Sí, todo está mezclado, entretejido, como esperando el esfuerzo del desentrañamiento, un esfuerzo imposible, ya que nadie sería capaz de separar todos esos estratos que se imbrican y entrelazan hasta formar un solo y único volumen, con una sola y única medida y transcurriendo en el único instante, un instante eterno, pasado y futuro, al mismo tiempo 'vivo y muerto, siempre vibrante y para siempre inmóvil. O acaso no hay ningún caos y sólo una gran madeja de líneas embrolladas que, sin embargo, tienen todas un sentido, independientes las unas de las otras, aunque para mí exista solamente una correcta, que me sacará del embrollo como en aquellos laberintos y galimatías cuya solución era necesario resolver con la punta del dedo o con un lapicero, para llevar a Jaimito hasta el juguete que le habían dejado los Reyes Magos, o al monigote del salacof, que siempre se parecía al amito Morcillón del TBO, para salir de la jungla en la que acechaban las panteras de peligrosas fauces y las serpientes pitón, en las revistas infantiles.

Como me parece saber también, aunque en este momento me sienta incapaz de recordarlo, el significado e incluso el nombre que formarían, si se ordenasen correctamente, las iniciales del caldero de oro, del mosaico con la medusa, de las baldosas musicales del pasillo de la casa paterna, del nombre borroso de aquella lápida con un caballito y tres árboles; y aquel otro, olvidado, del misterioso antepasado que se fue con Cortés; y del reloj del bisabuelo de mi abuelo; y de su propio guardapolvos.

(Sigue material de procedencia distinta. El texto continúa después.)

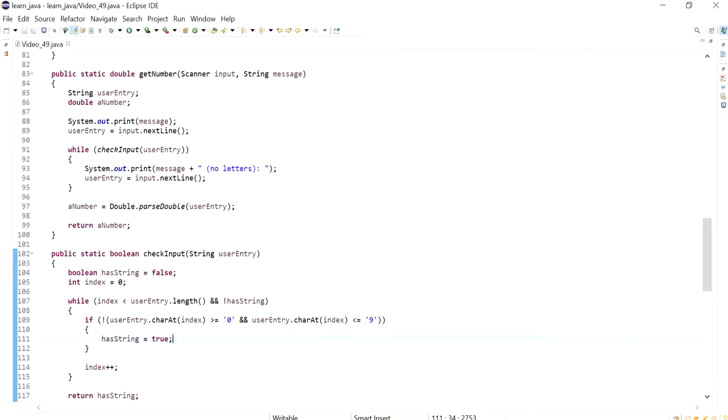Hi everyone, in this video I'm going to demonstrate how to handle a number format exception when passing a string that contains letters into a double.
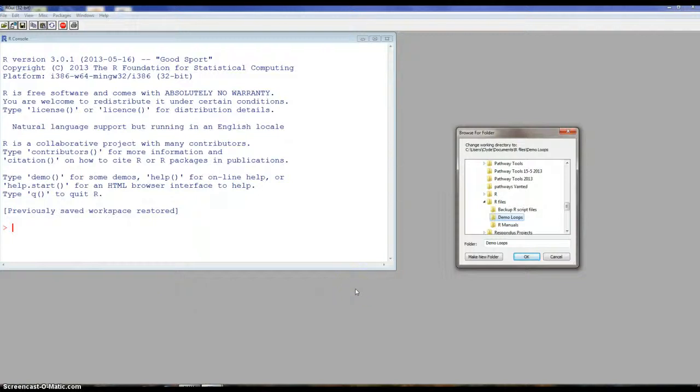Welcome to this video on using loops, for loop in this particular case, to perform an analysis of variance on multiple columns in one file.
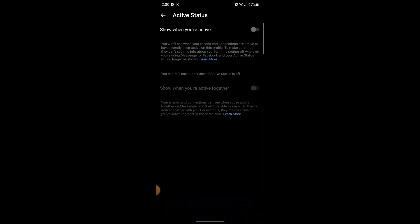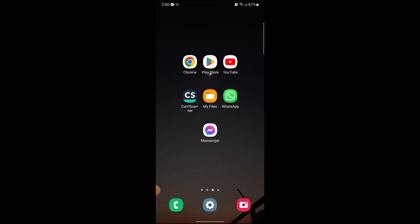Your active status will be hidden to you and your friends until you change it. And now this is how you can change your active status on Messenger app.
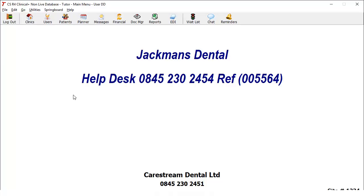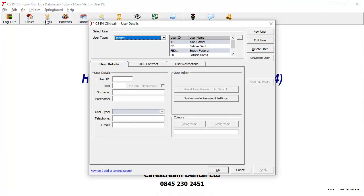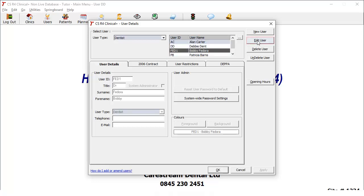In the CSR4 Plus main menu, click Users. Within Select User, click the name of the user for whom you wish to change the password. Click Edit User. Click Reset User Password to Default.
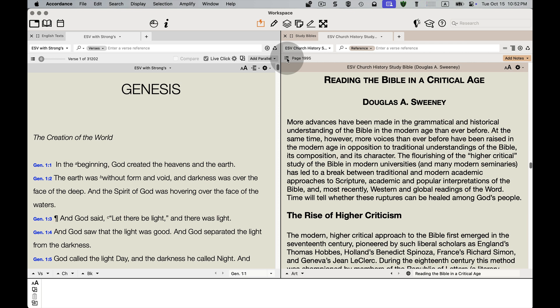So if you want to learn more about church history, and especially want a good introductory gateway into it, the ESV Church History Study Bible is going to be an excellent addition to your library.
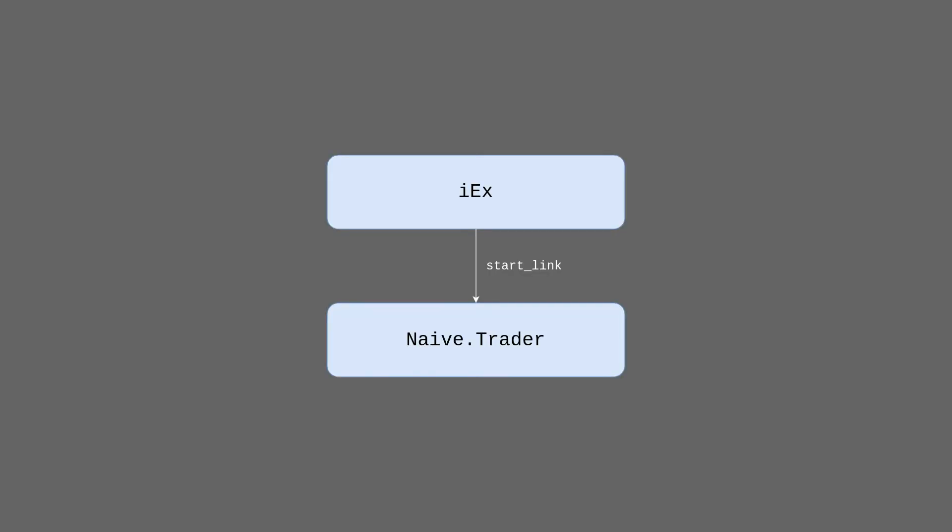First, let's look at the current situation. Inside IEX session we are starting the naive trader process using start_link function. It creates a link between two processes and because our session process doesn't trap exits, by default, whenever trader dies, our session dies with it. We can do much better than that with a little bit of help from Elixir and OTP.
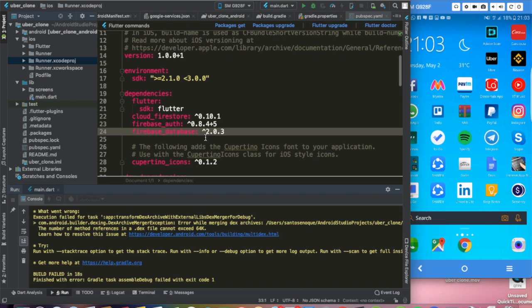Let's fix this issue. One thing I forgot to mention is that we have to pass something inside the build.gradle.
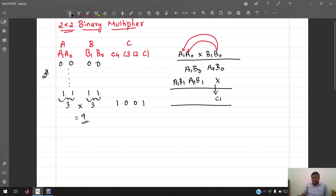Next, a1·b0 and a0·b1 are added together, giving sum c2 and a carry. That carry is added with a1·b1, producing sum c3 and a final carry c4. So the complete 4-bit result is c4, c3, c2, c1.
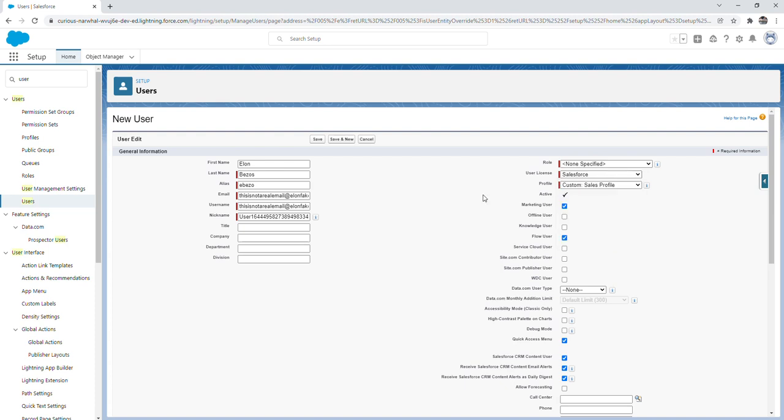I want to add that if you ever notice that the Salesforce license isn't available when setting up a new user, it's because you've likely reached the maximum amount of Salesforce licenses that your org has. For a free Salesforce org like this you only get two Salesforce user licenses and one automatically is assigned to you as the system admin. So that means you really only have one left which in this case we're going to use for Elon Bezos.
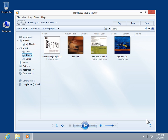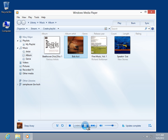Locate and select the appropriate file to play. Select the Play icon. Select the Switch to Now Playing icon.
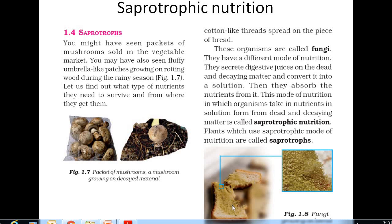Here it is bread — decayed bread. How the bread is decayed, you know? A fungus is grown in the bread. The bread became spoiled. Such fungus which grows in bread is called a bread mold.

Pero todo es ensoñación, o no hay ensoñación alguna y soy realmente un hombre que agoniza, un guerrero herido mortalmente, un viejo jinete que ha dado su última cabalgada, alguien que, definitivamente, ya no volverá. Y, sin embargo, las nubes pasan rápidas, como los recuerdos, y a veces brillan detrás las estrellas (las estrellas y no otros brillos, no los fuegos chisporroteantes que pueden significar una conmemoración festiva y jubilosa y también la destrucción y la muerte; no las extrañas luminarias de raros peces o cangrejos que suben a la superficie durante la noche; ni el reverbero de un sol sin celajes sobre los blancos muros, en las callejuelas apretadas, sobre las terrazas, contra las ropas inmóviles, tendidas a secar mientras cruzan el aire mariposas y moscones; no las hojas doradas, en el soto, resplandeciendo mientras las mueve el viento del otoño; no objetos o formas entrevistos en penumbras diferentes que, por un milagro de ubicuidad, coincidiesen delante de mis ojos) y los olores son, indiscutiblemente, los olores del invierno, del río, de la tierra dormida y húmeda, y las sensaciones se corresponden directamente con esos olores y esas visiones de la floresta desolada e invernal.

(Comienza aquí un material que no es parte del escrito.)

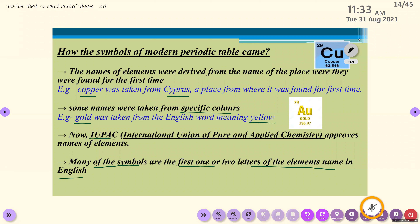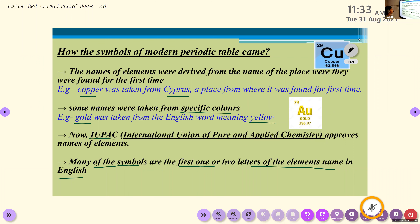Many of the symbols are the first one or two letters of the element's name in English. So: names can be derived from a place (Copper from Cyprus), from a specific color (Gold means yellow), IUPAC approves all names, and symbols are usually the first one or two letters of the element in English.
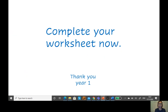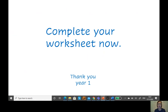Now what I want you to do is complete your worksheet. You have a picture from the story and I want you to write a label for each picture. Now, if you want to, you can add in an adjective — that's a describing word to add some more information to your label. Looking forward to seeing your different labels, Year One. Thank you so much.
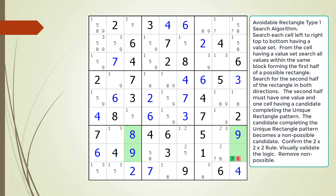In this example we have an avoidable rectangle type 1 pattern composed of 8 and 9. In cell 8,9 we have the candidates 7 and 8. The 8 in cell 8,9 is opposite the 8 in cell 7,3, completing the avoidable rectangle type 1 pattern.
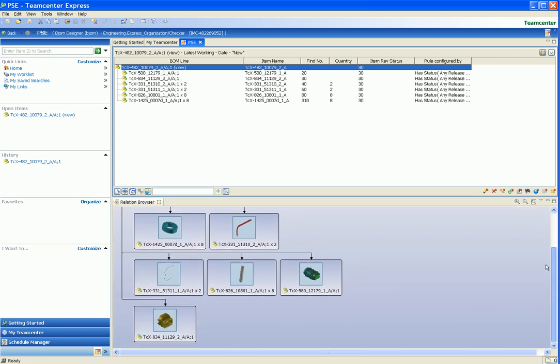This new Relation Browser capability is just one example of the benefits to SMBs of TeamCenter Express being based on the industry-leading TeamCenter platform. TeamCenter Express Version 4 is a configuration of the unified architecture of TeamCenter 2007, and TeamCenter Express users can immediately take advantage of the many usability enhancements in TeamCenter 2007.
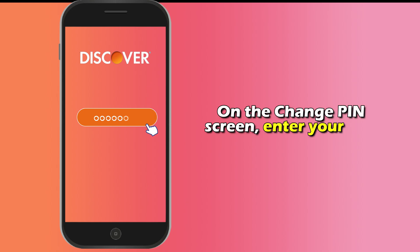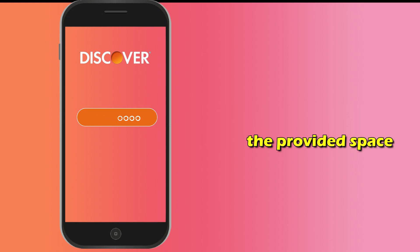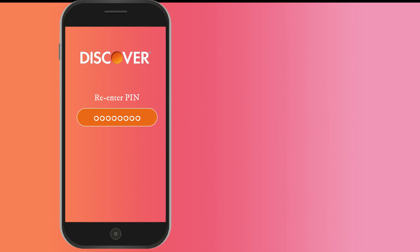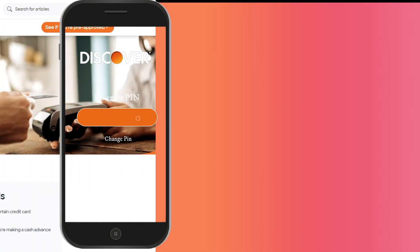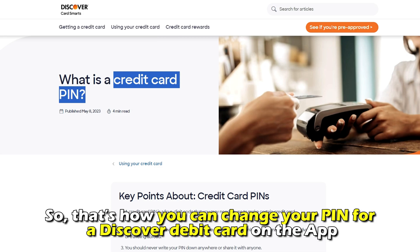On the Change PIN screen, enter your new PIN in the provided space. Re-enter your PIN to confirm it. Tap Change PIN to complete the process. And that's how you can change your PIN for a Discover debit card on the app.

En cuanto a la voz, es un grito de alto, una advertencia, una amenaza. Bajan por la ladera buscándonos, moviendo a un lado y a otro sus potentes linternas.

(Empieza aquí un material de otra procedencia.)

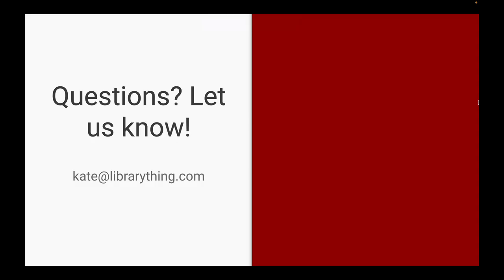Any questions, concerns, or anything that was unclear, please do let us know. Send me an email at kate@librarything.com.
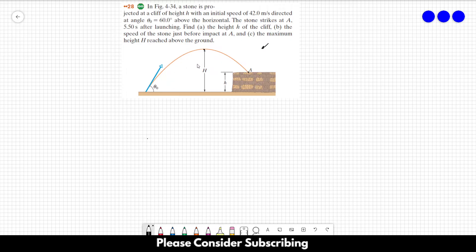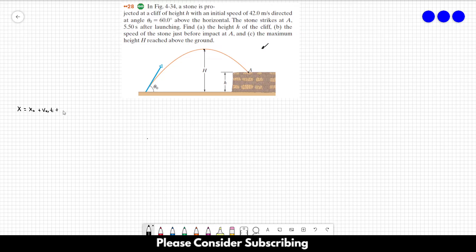In this problem, we have a problem of constant acceleration because we only have the acceleration of gravity. And if the acceleration is constant, there are three different equations that we can use. They are: x = x₀ + V₀ₓt + Aₓt²/2. I'm adding this x subscript because we have two dimensions — the x dimension and the y dimension.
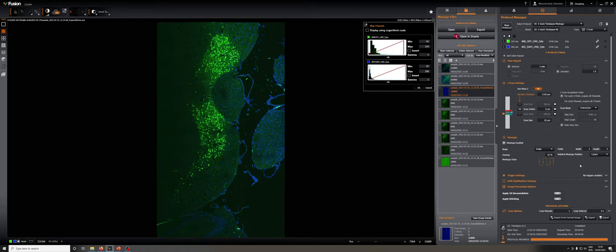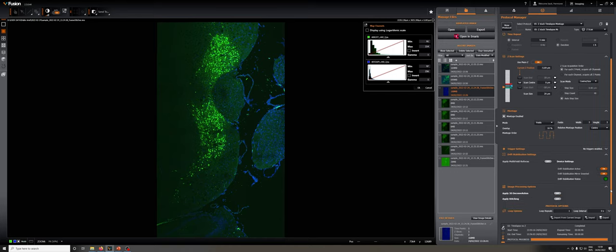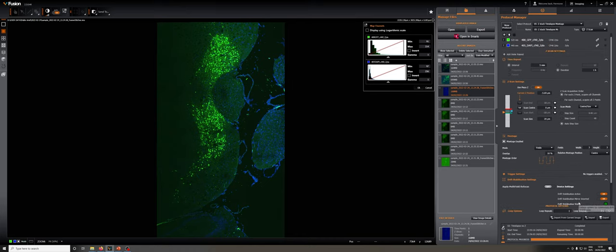And we could decide that we wanted to do this with the drift stabilization on. We could decide that we wanted to do 3D deconvolution as we go along and stitching as we go along. So this is really just a combination of the things I've shown you so far.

He recuperado, por tanto, la conciencia plena de la situación. Tengo que levantarme, despabilar a Lupi. Debemos seguir huyendo, escapando entre lo oscuro. Y así, por fin, mi esfuerzo se resuelve en acción, consigo hablar, decirte Lupi, levántate, corre, me incorporo, me pongo en pie, doy unos pasos, empiezo a correr.

Alguien me empuja, alguien me da en la espalda unos suaves, afectuosos golpecitos, y vuelo, estoy volando, caigo al agua, o no es el agua, sino el espacio helado, infinito, oscuro, floto en el agua, en el espacio. Y veo por fin, tan cercanos, infundiendo en mí una serenidad sin límites, los resplandores dorados del caldero.